So when the battle turned south, not only was I not surprised, I thought it was probably unrealistic how much damage they were able to do. The tactics employed by the Na’vi even under the great Jake Sully’s leadership were rather simplistic. Basically a single ambush followed by a pitched battle. There was no chance in hell that that was going to work in the long run. I wouldn’t have been able to forgive the movie for its utter unserious portrayal of the events had the Na’vi somehow managed to beat back the invaders thanks to their newfound unity and the awesomeness of Jake. That would have been a ridiculously unreleastic story. Luckily Cameron didn’t go there.
But what we got instead was almost as bad. The Na’vi are rewarded for their bravery and determination and willingness to throw thousands of lives away by the great awakening of the planet itself to come to their aide. Animals all across the lands go on a rampage, totally beating the crap out of the invaders making the eventual conclusion a kind of fait accompli. We see a few more battles with our main characters that are only relevant because movie goers like to see the major villains die and want to be sure their favorite heroes and heroines live (though my favorite character, Grace apparently wasn’t so lucky). And that wraps up the whole movie.
Yaaayy! God saved us!!
Aren’t you glad we were such brave fools?
The idea repulses me. It’s not that in this fictional world it’s impossible for Cameron to posit a living planet, that is, a real God that actually exists, and really does have the power to save people. Sure, that’s fine. But the problem is that this story suggests that all you have to do is be brave, faithful, and foolhardy in order to gain the respond of God and then all your problems will be dealt with. That’s the overarching message of Avatar. It’s faith, not reason. There’s no rational assessment of risks and benefits. It’s be brave and fight! Be like Jake Sully! He doesn’t let being cripple keep him down!
The emphasis on courage in this movie is sickening. There’s no sense in which skill or reason or intellect or realism or caution or even patience are admirable traits. There’s bravery. That’s it. That’s what the movie values. That’s the characteristic that Sully presents that makes him the “chosen one”. That’s what he shows throughout the film. The only times his recklessness seems to cause trouble somehow magically “work out” in the end. It sort of what makes him capable of achieving his predetermined destiny. It’s apparently what makes him able to outdo all the native peoples at their own skills in just a few months time, eventually even becoming a warrior of legendary skill the likes of which the planet has not seen in generations.
And why is that exactly? The brilliant comedian W. Kamau Bell covered this particular critique much better than I ever could. Basically he connects the story of Avatar to the stories of Dances with Wolves and The Last Samurai and others all of which involve a white guy going to a native culture and learning to do what they do far better than they do. There is something fundamentally disturbing about this narrative that bothered me as I watched Avatar as well. Why is it that the heroic figure is never a part of the native culture? It’s always the outsider who saves them from his or her own people out of sheer awesomeness. Is this really a realistic story we should be telling? Is it really fair to these native cultures?

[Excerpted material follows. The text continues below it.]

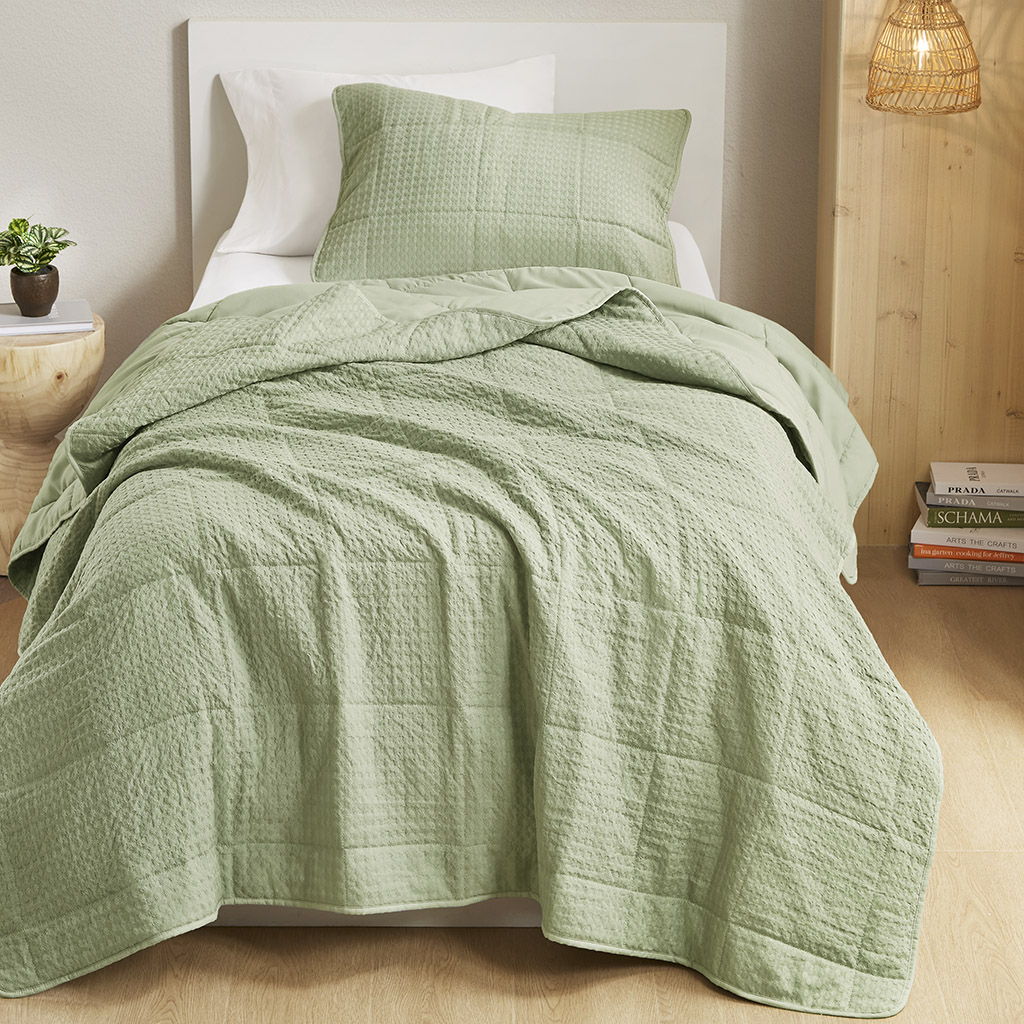 Mina - King/California King Waffle Weave Textured Quilt Set - Green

But that wasn’t the big thing that bothered me either. The big thing that my mind kept coming back to is still the fundamental facts of the situation. The people are still doomed. You’re supposed to believe that the invaders were successfully repulsed, the bad guys killed, and the remaining humans sent home humanely.
Right. Sent home where they can share what from their perspective must have seemed like a horrible monstrous slaughter of their people by wild crazed animals on an exotic planet. That will play super well in the press.
OK, probably not everyone thought that way, but some probably did. No doubt they were all traumatized by the experience. How would the media on Earth funded by the most powerful corporation on the planet made rich by mining this ultra mineral with untold value cover this story? It would be a tragic attack by dangerous evil monstrous alien invaders. There’s no doubt in my mind of that. And the people on Pandora have no way whatsoever to wage that propaganda war and convince the people of Earth that they are in any way shape or form, human enough to be worth bothering being sympathetic to.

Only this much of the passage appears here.